Faithfully repeat each entry below, minus the pictures.

··· Material for the task

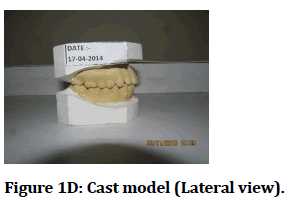 medical-dental-science-Cast-model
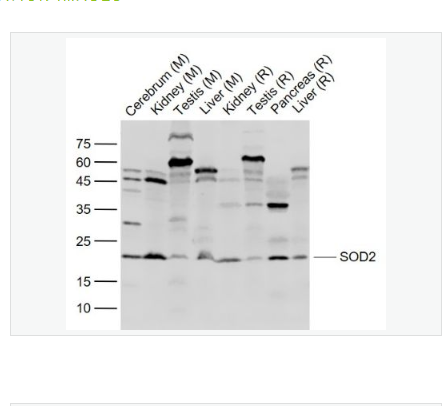 Anti-SOD2 antibody-超氧化物歧化酶2抗体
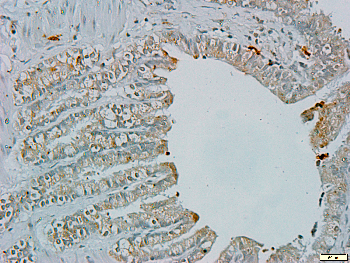 Alpha-adducin Rabbit Polyclonal Antibody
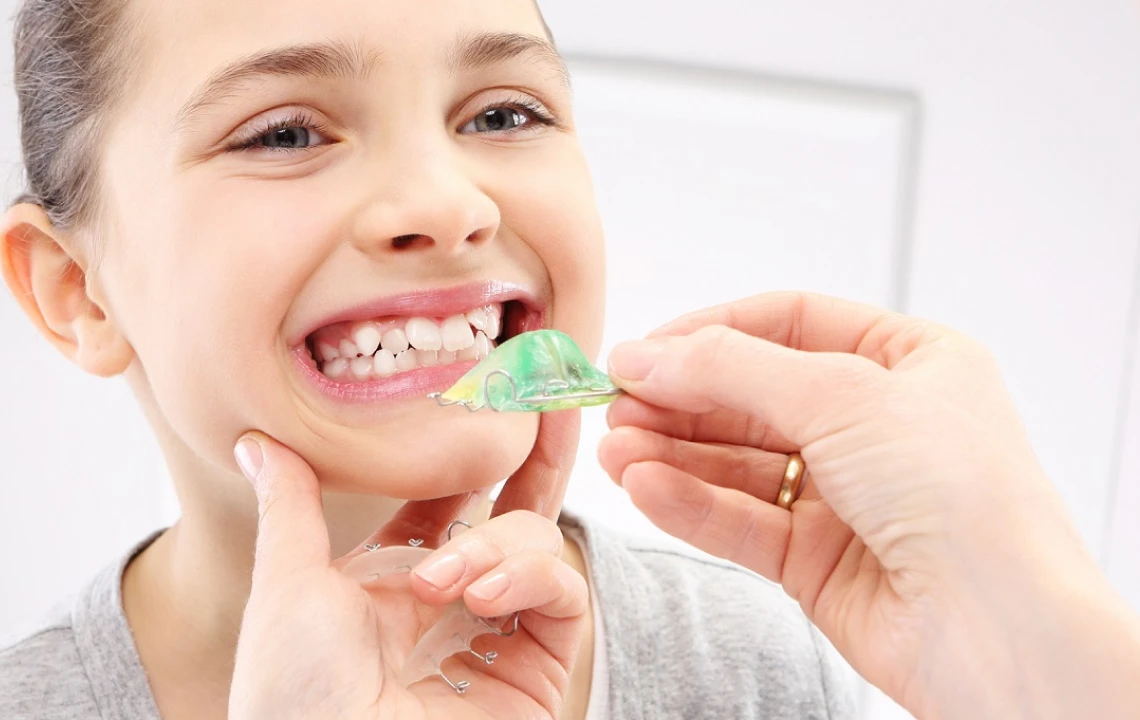 arcade dentaire etroite orthosaive Appareils amovibles : urgences Orthodontiste Altkirch | Dr Marie Saive & Dr Olivier Saive
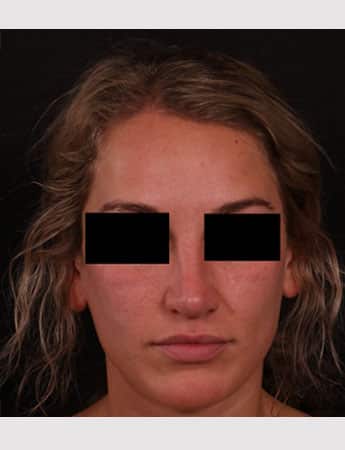 After Image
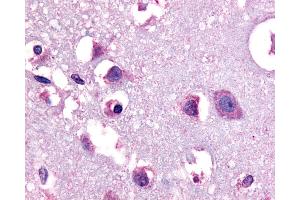 Anti-CRF1 antibody IHC of human human brain, neurons and glia. (CRHR1 antibody  (N-Term))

······

> **Solution to this problem**
 medical-dental-science-Cast-model
 Anti-SOD2 antibody-超氧化物歧化酶2抗体
 Alpha-adducin Rabbit Polyclonal Antibody
 arcade dentaire etroite orthosaive Appareils amovibles : urgences Orthodontiste Altkirch | Dr Marie Saive & Dr Olivier Saive
 After Image
 Anti-CRF1 antibody IHC of human human brain, neurons and glia. (CRHR1 antibody  (N-Term))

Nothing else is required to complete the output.